# Iowa Bald Eagles



## Larry (Dec 2, 2010)

Who needs to go to Alaska to see Eagles...just find a cornfield and a row of scrub trees in the Ol' Corn State. This is only a few 11 of the 27 I could get in the lens!


----------



## Boxerboxer (Aug 6, 2015)

Nice! I live near the quad cities and see just about that many any time I'm in the woods near the Mississippi or Rock rivers.

Sent from my iPhone using Tapatalk


----------



## glenway (Mar 27, 2011)

I'd be having some fun with a camera, if I saw them like that.

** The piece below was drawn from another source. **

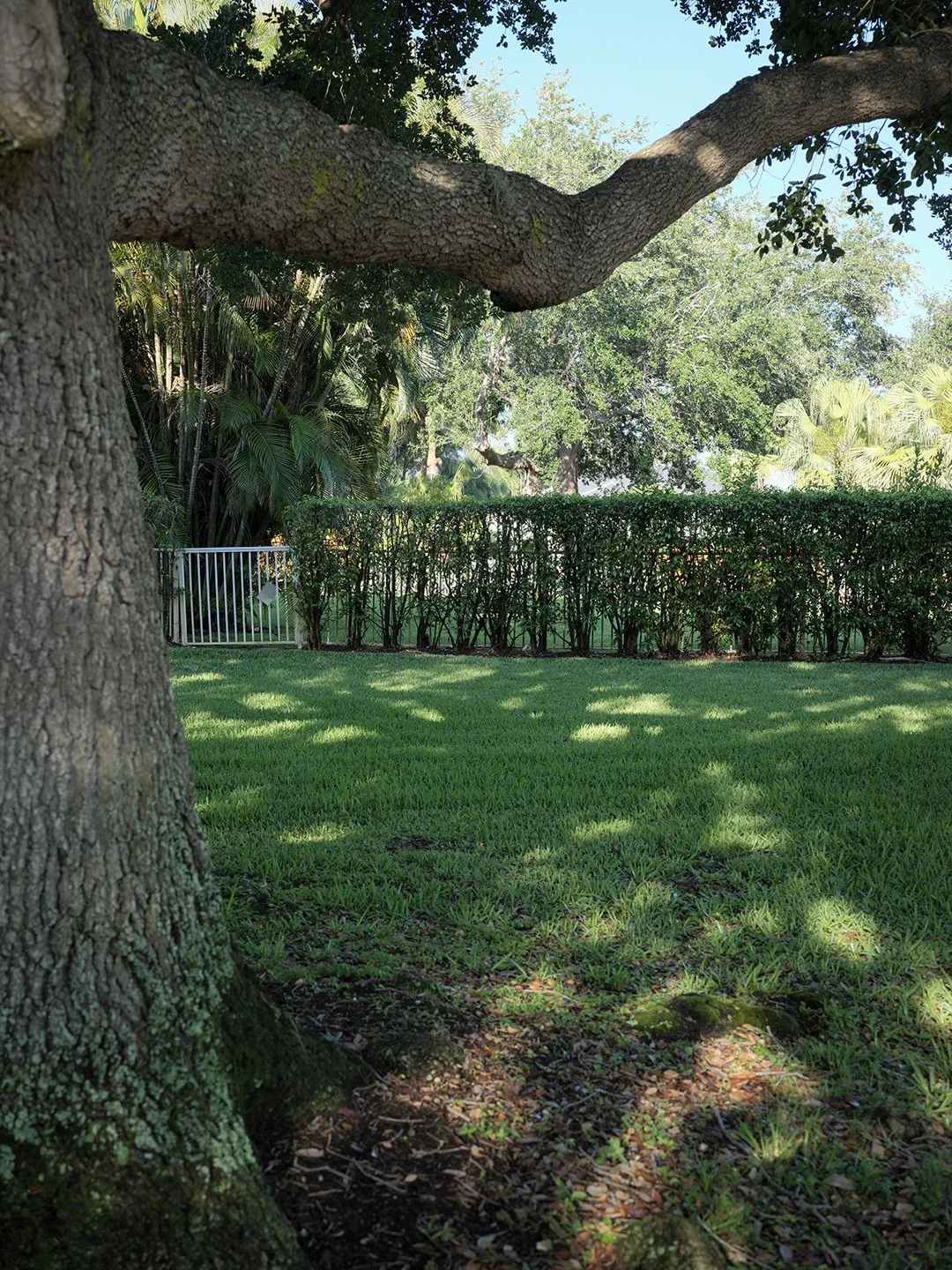 B0000547.jpg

Kinda rare in my parts, but I've seen a few locally. Most are north of me along the waterways.


----------



## sneakygroundbuzzard (Nov 1, 2012)

nice pic

theres a spot north of where i live,about half an hour or so

its a winter nesting area for the bald eagle

not uncommon to see a couple hundred a day over there

its along a river that never freezes over,with lots of farm fields near by

plus a lot of chicken farms

you can see a lot of the adults and the juvenile birds scavenging on the waste piles by the chicken farms


----------



## sjeccles01 (Sep 19, 2015)

I have been see a lot lately

Sent from my XT1093 using Tapatalk


----------



## Larry (Dec 2, 2010)

I heard they taste just like chicken! :hot:


----------



## Rick Howard (Feb 25, 2012)

That is incredible! We have a few around me but nothing like that. Thanks for sharing.


----------



## catcapper (Feb 11, 2010)

Colorado has quite a few Bald Eagles anymore. Their as common as house sparrows along the Arkansas River between Canon City and Salida.

awprint:


----------



## Larry (Dec 2, 2010)

My opinion is we have way to many in Iowa. They are hard on ground birds. But they do have a big following, millions around the world watch this.....http://www.ustream.tv/decoraheagles


----------